How can I return None in a function that has return type?

Question

I have below code:

#include<iostream>
#include <vector>
using namespace std;
template<class T>
class Stack
{
private:
    vector<T> stack;

public:
    T Pop()
    {
        if (stack.size()!=0)
        {
            T temp;
            temp=stack[stack.size()-1];
            stack.erase(stack.begin()+stack.size()-1);
            return temp;
        }
        else
                   //return nothing
                   ^^^^^^^^^^^^^^^^
                   //How i can do above by code    
    }

In pop function: I want if stack.size==0; Pop function return nothing

How I can do it?

Answer 1

This is basically a question of how to handle non-total functions—functions that are not necessarily defined for all possible inputs. There are many ways to go about it, though none of them is type-safe:

1. Have two separate functions for retrieving and erasing the top element of the stack, much like std::stack::top() and std::stack::pop().

2. Use a reference parameter and return a bool indicating whether an element was returned:

   bool pop(T& value) {
     if (stack.empty())
       return false;
     value = stack.back();
     stack.pop_back();
     return true;
   }
   

   The caller can write:

   T value;
   if (stack.pop(value)) {
     use(value);
   }
   

3. Return a boost::optional<T>.

4. Return a default-constructed T instance. This requires that T be default-constructible, which is already imposed by some std::vector member functions.

5. Throw an exception, documenting that a precondition was violated.

6. Leave the behaviour of popping an empty stack undefined.

I recommend #1, #2, or #3, depending on preference and what fits best with the surrounding code.

Answer 2

You probably still want to do the same way as std::stack that to split into std::stack::top and std::stack::pop. You don't want to pop to return a value.

Here is the explaination from http://cpptruths.blogspot.com.au/2005/10/why-does-stdstackpop-returns-void.html

http://www.sgi.com/tech/stl/stack.html explains

[3] One might wonder why pop() returns void, instead of value_type. That is, why must one use top() and pop() to examine and remove the top element, instead of combining the two in a single member function? In fact, there is a good reason for this design. If pop() returned the top element, it would have to return by value rather than by reference: return by reference would create a dangling pointer. Return by value, however, is inefficient: it involves at least one redundant copy constructor call. Since it is impossible for pop() to return a value in such a way as to be both efficient and correct, it is more sensible for it to return no value at all and to require clients to use top() to inspect the value at the top of the stack.

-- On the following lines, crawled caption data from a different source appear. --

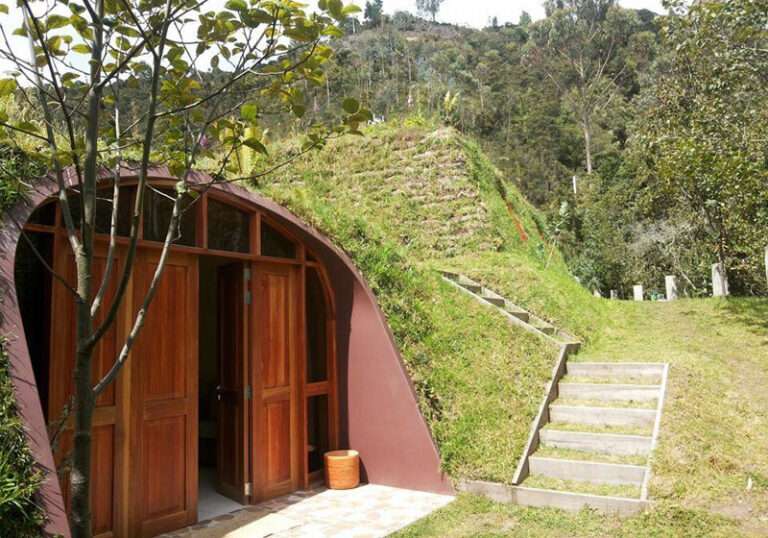 Diseñan casas prefabricadas para ser cubiertas con hierba
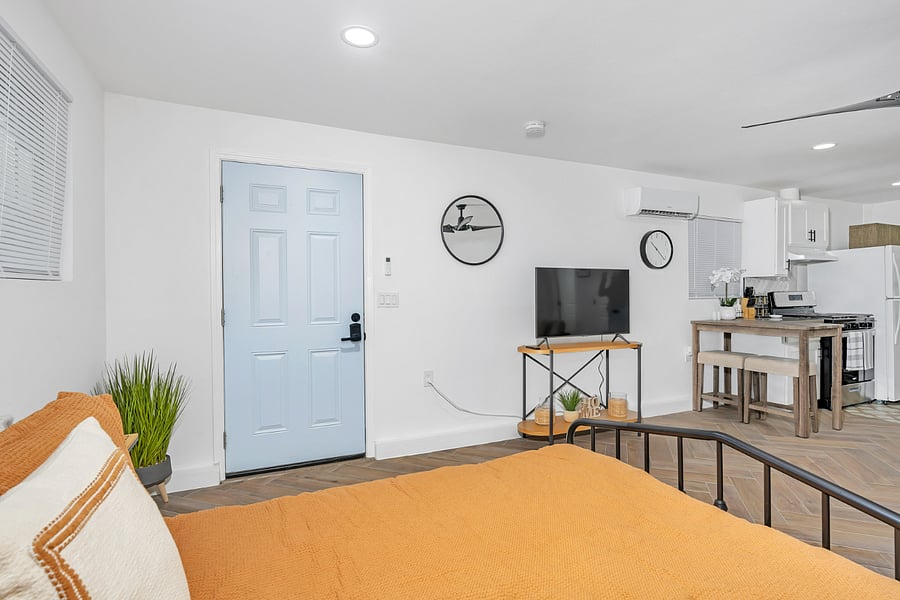 Furnished Finder property 651359_2 photo 5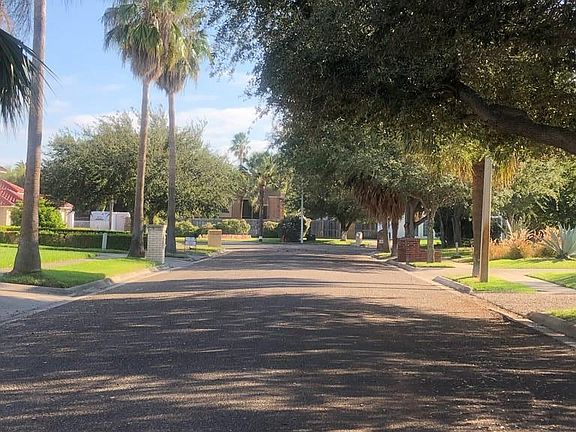 3rd image of 1550 Los Sabales Dr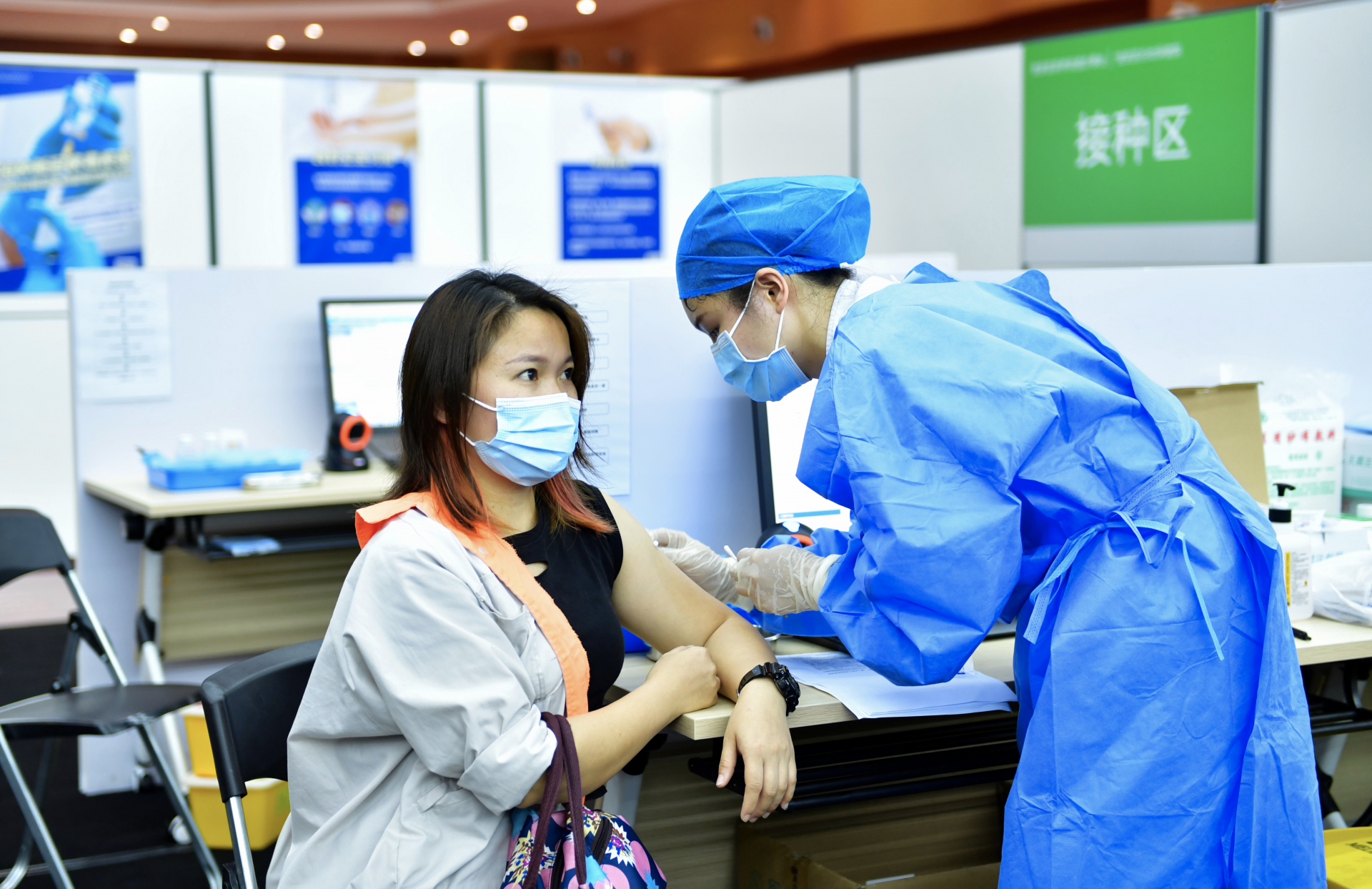 街道成立了新冠疫苗大型临时接种点工作专班,做好安保,现场秩序维护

std::stack < T > is a template. If pop() returned the top element, it would have to return by value rather than by reference as per the of above explanation. That means, at the caller side it must be copied in an another T type of object. That involves a copy constructor or copy assignment operator call. What if this type T is sophisticated enough and it throws an exception during copy construction or copy assignment? In that case, the rvalue, i.e. the stack top (returned by value) is simply lost and there is no other way to retrieve it from the stack as the stack's pop operation is successfully completed!

The practice way is to use pop(), top(), empty() together:

T top()
{
   return stack[size()-1];
}

void pop()
{
   stack.erase(stack.begin()+stack.size()-1);
}

usage:

if (!stack.empty())
{
    T t = top();
    pop();
}

Answer 3

You can also do something like declare the pop method as void or even better, bool to get the status of the operation and pass the T type as an argument by reference in order to store the result in it:

bool Pop (T& item)
{
    if (stack.size() != 0)
       {
           // your code
           item = temp; // you can even use item instead of temp from the begining

           return true;
       }
    return false;
}

Answer 4

Here's one way of doing this. The idea is to package a Boolean flag together with the result in a tuple. The flag indicates whether there is a result or not. Notice though that the current implementation requires T to be default constructible.

template<class T>
class Stack
{
private:
    std::vector<T> stack;

public:
    typedef std::tuple<bool, T> return_t;

    void Push(const T& t)
    {
        stack.push_back(t);
    }

    return_t Pop()
    {
        if (stack.size()!=0)
        {
            T temp;
            temp=stack[stack.size()-1];
            stack.erase(stack.begin()+stack.size()-1);
            return std::make_tuple(true, temp);
        }
        else
            return std::make_tuple(false, T());
    }
};
int main()
{
    Stack<int> my_stack;
    bool has_result;
    int result;

    my_stack.Push(5);
    std::tie(has_result, result) = my_stack.Pop();
    std::cout << "has result = " << has_result << "\n";
    std::cout << "result = " << result << "\n";

    std::tie(has_result, result) = my_stack.Pop();
    std::cout << "has_result = " << has_result << "\n";
}

Answer 5

There are a couple of alternatives. One is to return an instance of T constructed with the standard constructor:

return T();

Another way would be to return a special sentinel wrapper object, that can be implicitly converted to T, and have a comparison operator so the user can check it.